We're not robots with perfect abilities, understanding that everyone to a degree doesn't know what they're doing gives you a different outlook on the world.
Note, that doesn't mean everybody is incompetent.
How can you possibly make this assertion? I have a direct counterexample; I know what I'm doing. There's a lot of stuff I don't know, but I would not describe my state of being as "not knowing what I'm doing".
>everyone to a degree doesn't know what they're doing
This is very different from "Nobody knows what they're doing". Just because no one has a perfectly clear idea of everything doesn't mean they don't know what they're doing.
EDIT: Actually "all the time" doesn't quite cover it, I'd say it's "most of the time".
Then so does the statement "Nobody knows what they're doing.". The author has no idea what people know or don't know.
... Er, no. There's only so much complex, useful stuff one can produce, before you have to conclude, "okay, that person understands something."
That seems like a very broad claim that can't possibly be true without some sort of qualification. Are you saying that there are people who know 100% what they're doing 100% of the time in 100% of endeavors across every category relevant to living life? I feel like what you mean to say is that there are people who know exactly what there doing when it comes to X, where X is a well-defined, specific subject-area.
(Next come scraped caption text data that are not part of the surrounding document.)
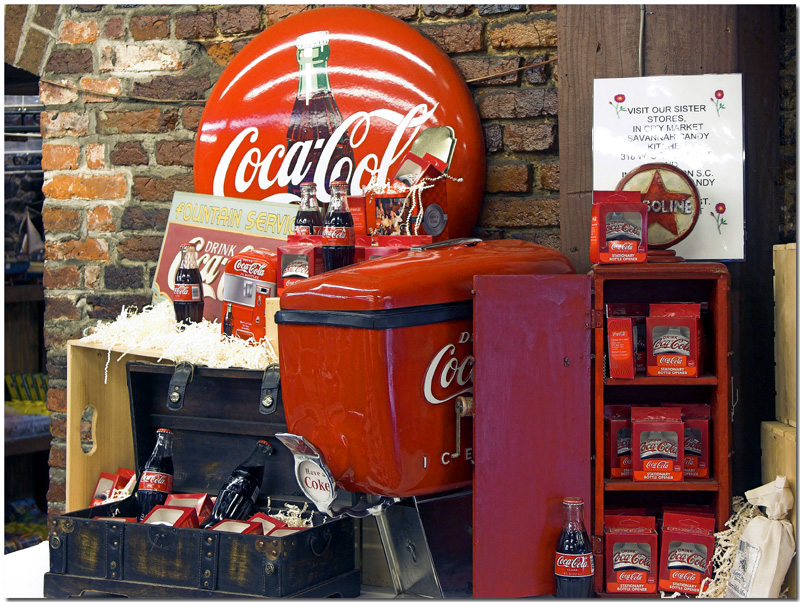 River street candy store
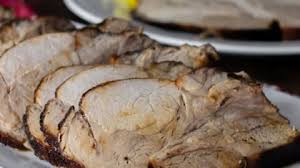 how to cook a boneless pork rib roast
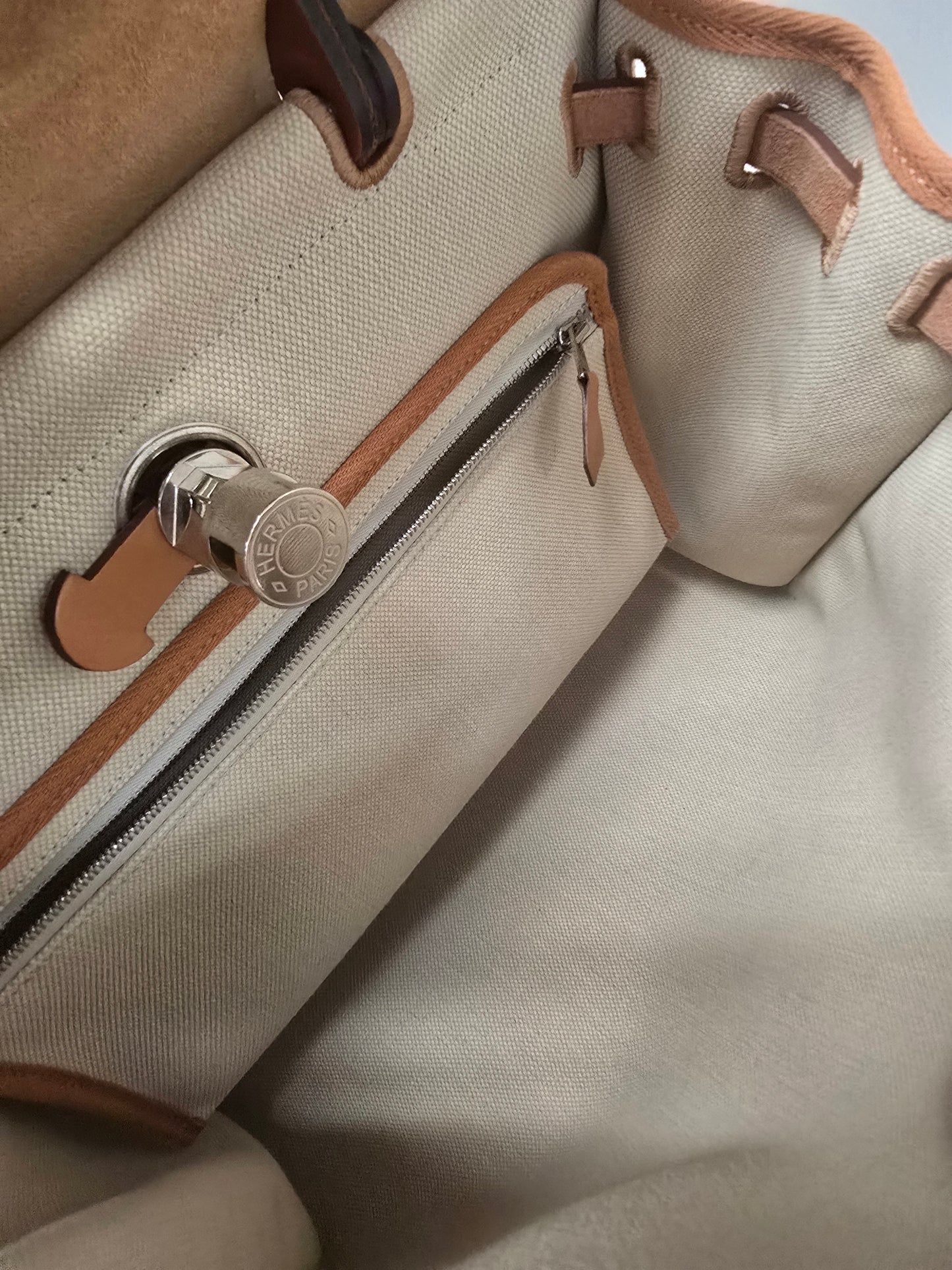 HERMES Herbag Zip 31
Assuming that statement is true with the scoped qualifier, even that wasn't always true for this hypothetical person. They had to have learned how to do X and gained enough experience over time to know exactly what they're doing in the matter. Which means, there was a time when they didn't know what they were doing. And I'd say this hypothetical person at that hypothetical time before they knew what they were doing is really the target audience for whom the article was written.
http://en.wikipedia.org/wiki/Four_stages_of_competence#The_f...
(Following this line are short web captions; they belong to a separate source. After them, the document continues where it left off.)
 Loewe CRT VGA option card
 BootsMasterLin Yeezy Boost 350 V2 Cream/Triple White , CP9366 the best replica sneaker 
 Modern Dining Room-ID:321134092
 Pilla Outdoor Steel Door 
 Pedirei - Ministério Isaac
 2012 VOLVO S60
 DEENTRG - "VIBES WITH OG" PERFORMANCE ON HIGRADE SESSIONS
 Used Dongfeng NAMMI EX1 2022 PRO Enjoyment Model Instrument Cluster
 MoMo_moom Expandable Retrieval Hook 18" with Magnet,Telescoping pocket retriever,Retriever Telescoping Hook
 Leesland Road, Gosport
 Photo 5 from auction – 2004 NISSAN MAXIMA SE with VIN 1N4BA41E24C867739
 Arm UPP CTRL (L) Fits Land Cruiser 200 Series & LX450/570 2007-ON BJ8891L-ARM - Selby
If you wait until all the studies are complete before trying to do something, you will never take action. Life is more about trial and error than knowing how everything is known.
Most of the time I think it's a matter of spotting which the heavier factor is.
Sounds a bit like confirmation bias in action to me; there are almost certainly times you are crystal clear on what's going to happen and then it doesn't happen.
argmax(sum(probability_of_event * utility_of_event) given action)
So do you open a door ? There could be a bear behind the door that will eat you if you open the door. The probability of that is not zero (and even if it was, it would not matter). The utility of that is -inf. The utility of not opening the door is also -inf. There could be a bear behind you and the door could be your only way to safety.
So a rational actor would never do anything at all, as the rational function would never converge.
Ergo, nobody and nothing is rational (as soon as the world has a certain minimal level of complexity).
There are various suggestions given out of this conundrum, but none are even mildly satisfying. For example, one could claim that you don't know those odds, so you don't care. But that is the same as saying you can't really be rational, so it's not a solution.
Every decision has a ROI. The line where ROI meets costs is your maximum budget for a decision, after which point it costs you more to remain in the decision phase that it costs you to follow the best of the few "imperfect" decisions you have in mind (one of them includes the decision to stop "deciding", do nothing, and move on - that's still deciding).
That idea so far is rational. If you wear nothing you'll remain naked. If you don't eat you'll die.
And most of all, being stuck deciding forever just about anything is not rational.
So this person is unable to sense his "decision budget" and decides forever, while most people have facilities (impatience, impulsiveness in some degree, boredom etc.) to work around us being stuck forever after our decision budget is spent.
Spending to get positive ROI is rational. Spending infinitely beyond that point is not.
(In that, at least in some sense, hunger is an irrational desire for food, it isn't reasoned out)
> The utility of that is -inf. The utility of not opening the door is also -inf.
Humans don't value anything--even their own continued existence--at inf, just at pretty average-levels-of-high numbers. We seem to get "intelligent" things done despite this. What's wrong with building an AI this way?
But aside from that, humans are not rational. Depending on your definition, humans aren't even intelligent.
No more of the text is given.